Rolls-Royce to expand in Hancock County

For more than four decades, the NASA John C. Stennis Space Center, located in south Mississippi, has served as NASA’s rocket propulsion testing ground. A new jet engine test stand will create 35 new jobs.

Special to The Mississippi Link

STENNIS SPACE CENTER – Rolls-Royce North America is adding a second jet engine test stand at the NASA John C. Stennis Space Center (SSC) in Hancock County. The project represents a company investment of at least $50 million and will create 35 new jobs.

Currently, Rolls-Royce employs 45 workers at its existing test stand at the Stennis Space Center.

The Mississippi Development Authority (MDA) helped facilitate the project by providing assistance for infrastructure improvements through the Hurricane Katrina Disaster Recovery Community Development Block Grant (CDBG) program, as well as assistance for construction and training activities through the Momentum Mississippi Incentives program. The agency also provided assistance for workforce training.

Additionally, Hancock County is providing assistance for the project.

Headquartered in Reston, Va., Rolls-Royce North America opened its Outdoor Jet Engine Testing Facility at Stennis Space Center in 2007. The site is one of three such sites in the world, and it conducts specialist development engine testing including noise, crosswind, thrust reverse, cyclic and endurance testing on all current Rolls-Royce engine types.

The site known today as NASA’s John C. Stennis Space Center boasts a rich and colorful history dating as far back as 1699. Indians, settlers, pirates and soldiers shaped this part of Mississippi which now hosts modern-day explorers.

In the late 1960s and early 70s, there was an old saying around the community, “If you want to go to the moon, you first have to go through Hancock County, Miss.”

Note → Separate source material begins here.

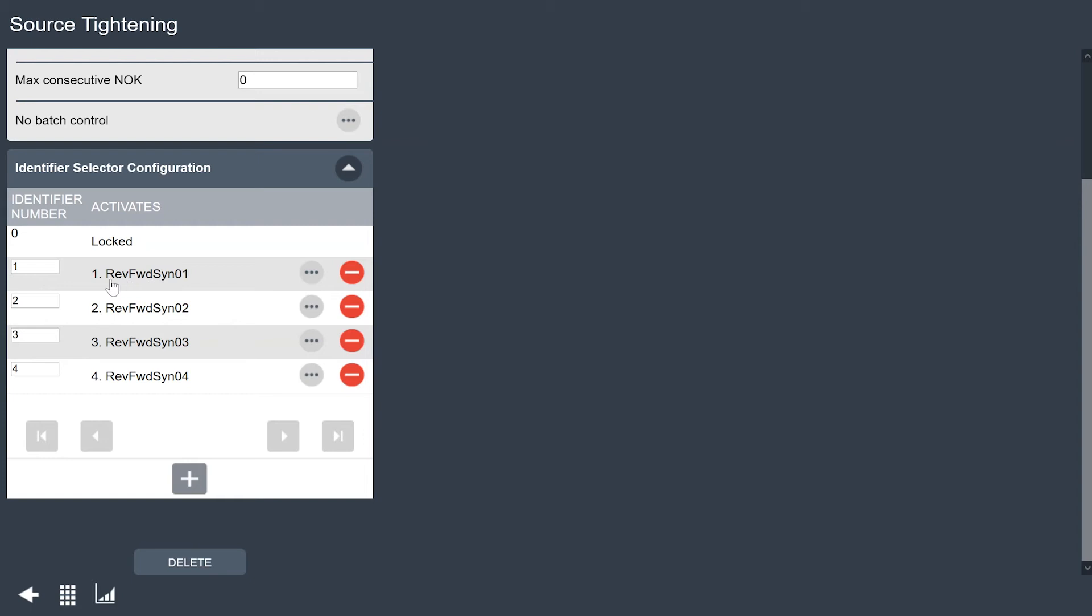Right now I have this set to reverse forward sync 01. I'm going to leave that here right now and then I have my other programs 2 is number 2, 3 is number 3 and 4 is number 4. If I wanted to I could put those in any order I want. For today we'll keep it pretty simple and have them 1 is 1, 2 is 2, 3 is 3 etc. So I have this set up.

In October 1961, a historic announcement was made: the federal government had selected an area in Hancock County to be the site of a static test facility for launch vehicles to be used in the Apollo manned lunar landing program.

It was the largest construction project in the state of Mississippi and the second largest in the United States at that time.

Less than eight years later, astronauts Neil Armstrong and Buzz Aldrin walked on the lunar surface, safely transported thousands of miles by a space vehicle whose boosters were tested and proven flight-worthy at Stennis Space Center.

The center’s primary mission at the onset was to flight certify all first and second stages of the Saturn V rocket for the Apollo program. This program began with a static test firing on April 23, 1966, and continued into the early 1970s.

Proof of the contributions made by Stennis Space Center to America’s space program was that all the Apollo space vehicle boosters did their job without a single failure, including those for the Apollo 11 mission the landing of the first men on the moon.

A new chapter was added in June 1975 when the Space Shuttle Main Engine was tested here for the first time. All the engines used to boost the Space Shuttle into low-Earth orbit are flight certified at SSC on the same stands used to test fire all first and second stages of the Saturn V in the Apollo and Skylab programs. Space Shuttle Main Engine testing is expected to proceed well into the 21st century.

Over the years, SSC has evolved into a multidisciplinary facility made up of NASA and 30 other resident agencies engaged in space and environmental programs and the national defense, including the U.S. Navy’s world-class oceanographic research community.

SSC has undergone a number of name changes. Its original name, Mississippi Test Operations, was changed to Mississippi Test Facility in 1965. In 1974, the facility was named the National Space Technology Laboratories reporting to NASA Headquarters in Washington, D.C.

In May 1988, it was renamed the John C. Stennis Space Center in honor of U.S. Sen. John C. Stennis for his steadfast leadership and staunch support of the nation’s space program.

The center is located in its own city, Stennis Space Center, Mississippi, with their own zip code.